# YOUR TASK:
Pictures aside, return every line below exactly as written.

:: DATASET RECORDS ::

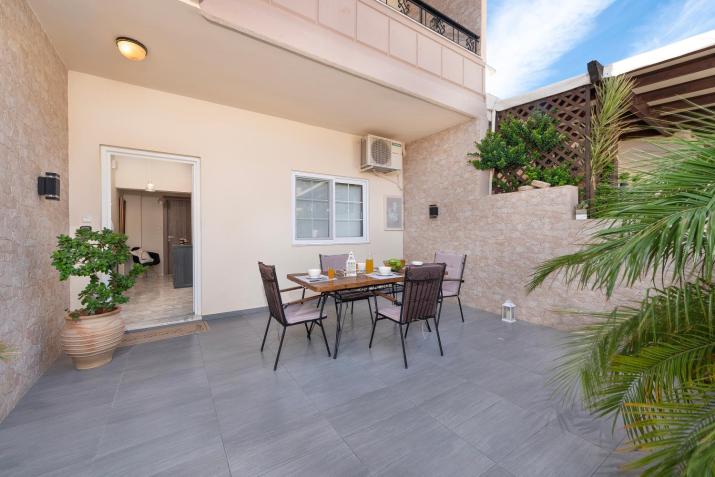 Christos House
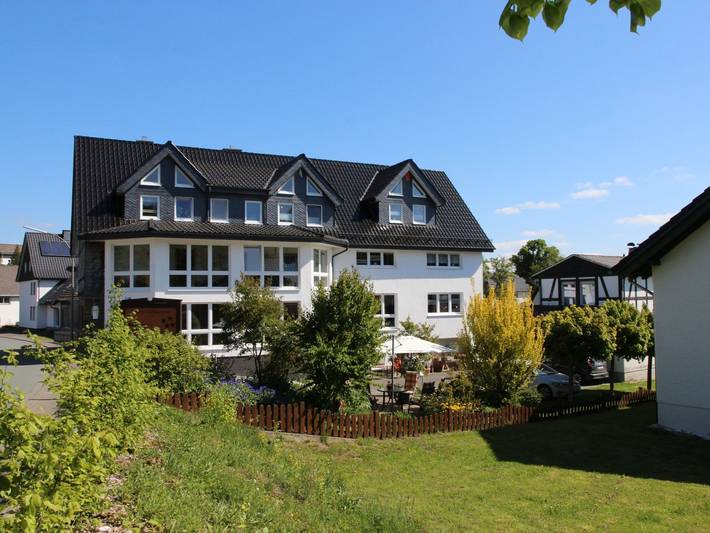 Pension für 3 Personen, mit Terrasse und Whirlpool sowie Garten und Sauna im Sauerland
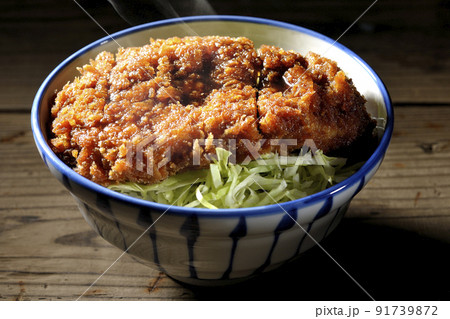 繊切りキャベツの上にたっぷりのソースが絡んだカツが乗っている熱々ソースかつ丼 繊切りキャベツの上にたっぷりのソースが絡んだカツが乗っている熱々ソースかつ丼 91739872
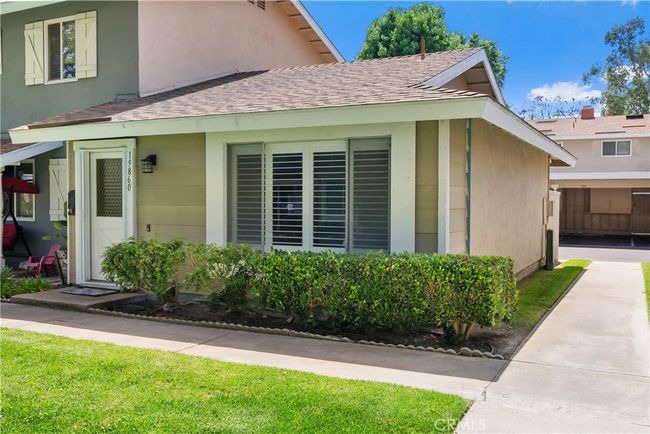 19860 Claremont Ln, Condo with 1 bedrooms, 1 bathrooms and 2 parking in Huntington Beach CA | Image 10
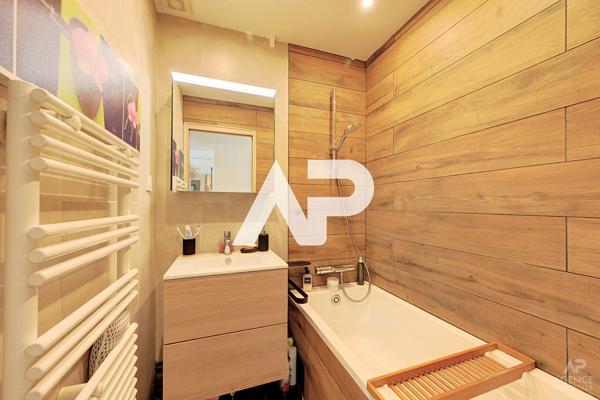 Maison Rueil Malmaison 5 pièce(s) 105m² 745 000 € **  - Référence  20037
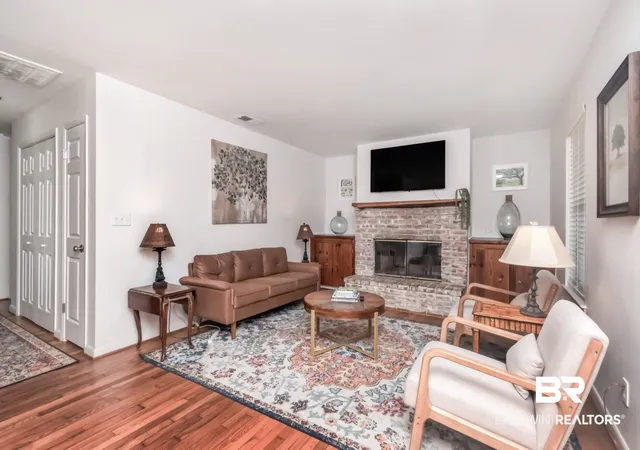 Photo 4 of Single family home for sale at 16926 Provencher Rd, Fairhope, AL 36532 | MLS# 394352 | Listing updated on 2026-09-09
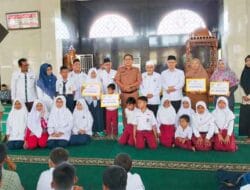 Baznas Solok Salurkan Buat Pendidikan untuk Guru Honorer dan Siswa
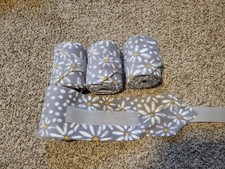 NEW set of 4 grey/white daisy horse polo wraps horse/pony leg wraps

:::

# TASK SOLUTION:
 Christos House
 Pension für 3 Personen, mit Terrasse und Whirlpool sowie Garten und Sauna im Sauerland
 繊切りキャベツの上にたっぷりのソースが絡んだカツが乗っている熱々ソースかつ丼 繊切りキャベツの上にたっぷりのソースが絡んだカツが乗っている熱々ソースかつ丼 91739872
 19860 Claremont Ln, Condo with 1 bedrooms, 1 bathrooms and 2 parking in Huntington Beach CA | Image 10
 Maison Rueil Malmaison 5 pièce(s) 105m² 745 000 € **  - Référence  20037
 Photo 4 of Single family home for sale at 16926 Provencher Rd, Fairhope, AL 36532 | MLS# 394352 | Listing updated on 2026-09-09
 Baznas Solok Salurkan Buat Pendidikan untuk Guru Honorer dan Siswa
 NEW set of 4 grey/white daisy horse polo wraps horse/pony leg wraps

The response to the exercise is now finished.